記憶がない!嘘なのか?本当なのか?ですら、純一にはわからないし、強く言えばまた泣いてしまう恐れもある。
「みーっけ! あっ!」
カレンが、埃にまみれた1枚の写真を手にし、ジロッと純一を睨む。
「なに?」
純一は、汗だくの顔でカレンを見た。
「これっ! 誰っ! どこの女っ!」と写真を純一に突き付け、鬼のような形相になるも、純一は純一で···
「あー、それは嫁だよ、嫁」と言ったまでは良かったが。
「嫁? なに、純ちゃん結婚してたの?!」と今度は目に涙を溜め、純一に抱き付く始末。
「違うよ。俺は、独身! 可奈子とは、もう終わってるし。これ、終わったらちゃんと話すから」
掃除についての部屋の模様替え。
(あんな写真、あったことすら忘れてたよ)
カレンが、ここに住み始めて殺風景だった(部屋のごちゃごちゃはあるが)部屋が、温かみのある部屋に変わっていった。
そこにいる!ただ、それだけの事なのに、純一の胸は熱くなるし、仕事への張り合いもある。
「ざっと、こんなもんかな?」
「上出来っ! ね、このゴミどうするの? 燃えるゴミと不燃物か···」
ゴミ出しも、カレンは嫌がる事なく喜んでやってくれる。
「夕方五時過ぎれば、出せるから。その前に出すとほら···」
「あ〜、田中さん? だっけ?」
「そう。怒られるからね」
実際、その時間より前に出した事はないが、他の住人が誤って出した時に怒られてるのを見たことがある。カレンも···。
「了解! 汗かいちゃったね。お風呂入る?」
「うん。シャワーでいいよ。もちろん、ひとりで! だからね」
純一は、笑いながらそう言った。たまに、カレンはジャージを着て、背中を流してくれるから。

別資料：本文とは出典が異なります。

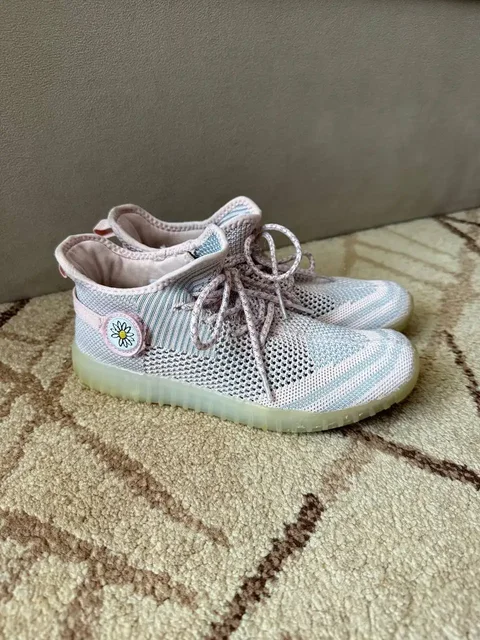 Продажа б/у обуви: кеды, кроссовки, сандалии - Одежда в Калининград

「はいはい。ったく、純ちゃんったら、ケチ! なんだから」
(何故、ケチ? 恥ずかしいでしょうが!)
背中だって洗ってもらうのですら、純一は恥ずかしいと思うのに。
「そうだ。晩飯は、外で食べて、携帯買いに行こうか」
「うん! 欲しい! でも、なんでカレンなんも思い出せないんだろ? カレン何もしてないのに。可愛いから?」と言ってるカレンを置いて、純一はスタスタとバスルームへ向かう。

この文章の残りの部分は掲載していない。